Traduit par Par Albert Soued, www.chez.com/soued pourwww.nuitdorient.com

Le Président BH Obama veut remercier le gouvernement soudanais pour avoir "autorisé" le referendum de sécession du Sud Soudan, alors il cherche à ôter le Soudan de la liste des états qui parrainent le terrorisme. Ceci permettra d'annuler nombre de sanctions contre ce pays, au moment même où des protestataires demandent la démission d'Omar al Bashir, un homme condamné pour génocide par la Cour Criminelle Internationale et qui a promis de transformer le Soudan en un pays régi par la "sharia'h".

Le président Obama a déclaré: "Pour ceux qui sont fidèles à leurs obligations, il y a une voie pour des relations normales avec les Etats-Unis et pour une plus grande prospérité, y compris le réexamen de la présence soudanaise sur la liste des états parrainant le terrorisme". Le Département d'Etat a confirmé qu'un processus de réexamen était en cours.

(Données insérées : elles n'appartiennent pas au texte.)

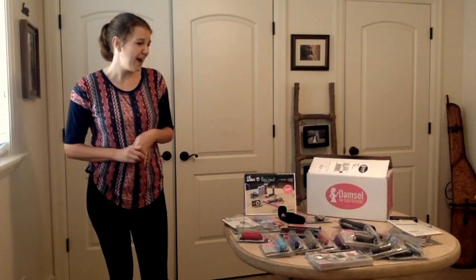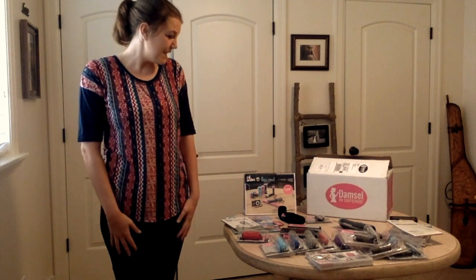I just really love the mission of the company — educating and equipping women to protect themselves and their families. That's a great mission to stand by. So this is the Damsel in Defense kit. Thanks for watching, see you later.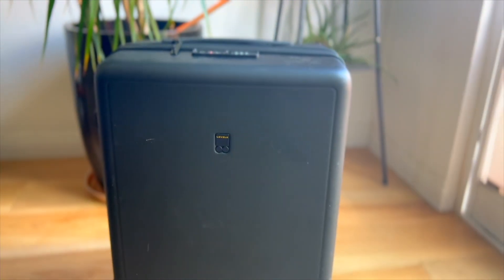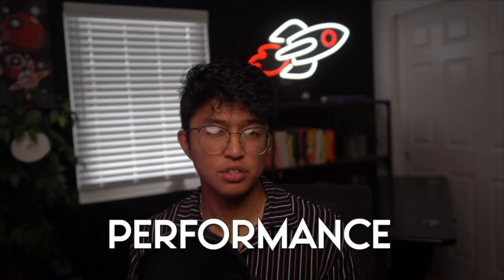There are also tons of minor details that I love looking at, like the cute little logo that brought the whole design together. We're here to talk about performance too of course, and the textured carry-on brings plenty of that to the table as well.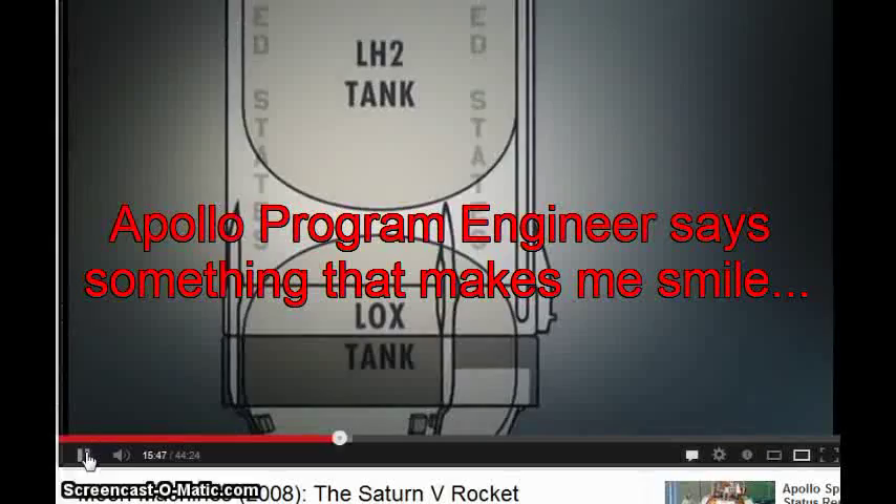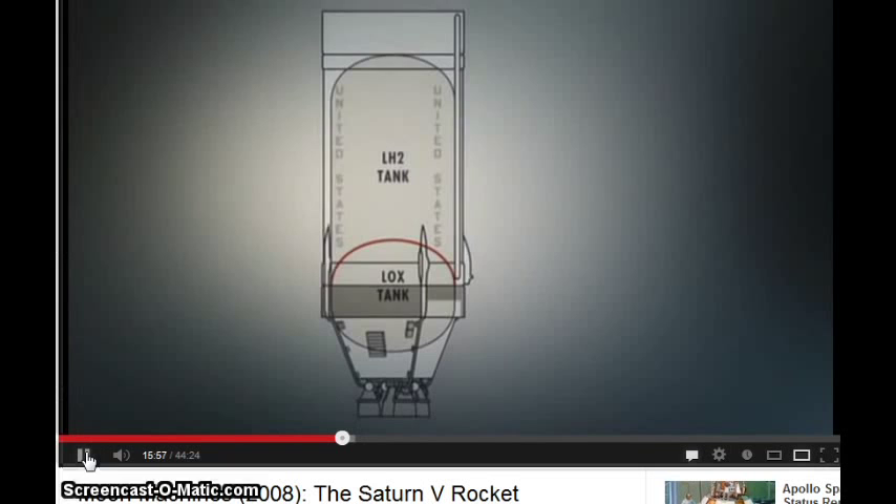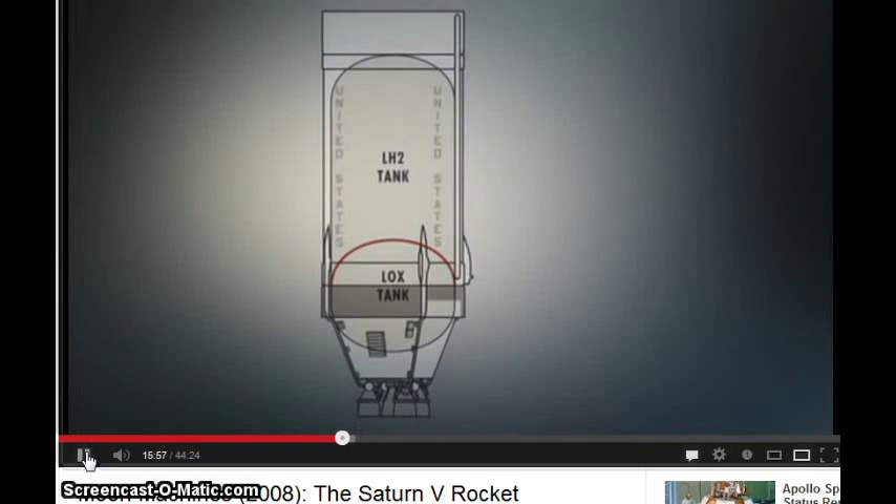The stage would now have only one tank, and the fuels would be separated by just one divider, known as the common bulkhead. This arrangement had a double benefit: it got rid of one of the heavy bulkheads, and it reduced the overall length of the stage.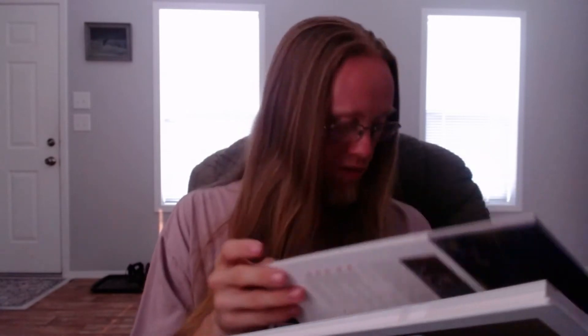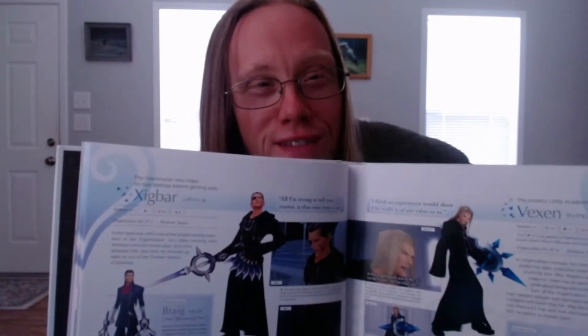Let me look at the table of contents and find something with a little more meat to it. Let's go to page 40, because that has one of my favorite characters — Xigbar. He's one of my favorite characters in the Organization, save for Roxas. 'The free shooter who hides his true feelings behind glinting eyes' — though Xigbar wears an eye patch, so more like behind a glinting eye.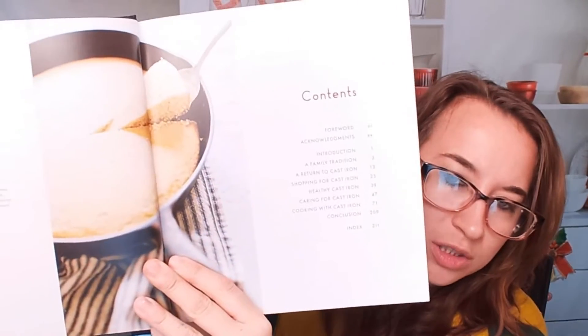Let me find the table of contents here. So here's what it looks like: Introduction, family tradition, cast iron shopping, healthy cast iron, return to cast iron, and caring. There's a lot of caring and choosing your cast iron. So if you're not sure what you're looking for, this is definitely the cookbook for it. There's a lot of tips in here about your cast iron in the very beginning, which is pretty nice.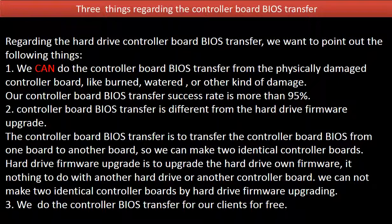2. Controller board BIOS transfer is different from hard drive firmware upgrade. The controller board BIOS transfer is to transfer the controller board BIOS from one board to another board, so we can make two identical controller boards. Hard drive firmware upgrade is to upgrade the hard drive's own firmware — it has nothing to do with another hard drive or another controller board. We cannot make two identical controller boards by hard drive firmware upgrading.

En effet, le Soudan méridional s'est prononcé massivement pour devenir un état indépendant en juillet prochain (Juba). Apparemment les Etats-Unis avaient fait la promesse d'ôter le Soudan de cette liste, si le referendum suivait un cours normal. Au moment du vote, Bashir a annoncé que son pays serait régi par la "sharia'h", loi islamique et que la langue arabe serait la seule langue officielle. Cela signifie que les Etats-Unis sont prêts à avoir des relations normales avec un état islamique radical qui fait la promotion d'une idéologie autorisant le jihad et la terreur qui en découle.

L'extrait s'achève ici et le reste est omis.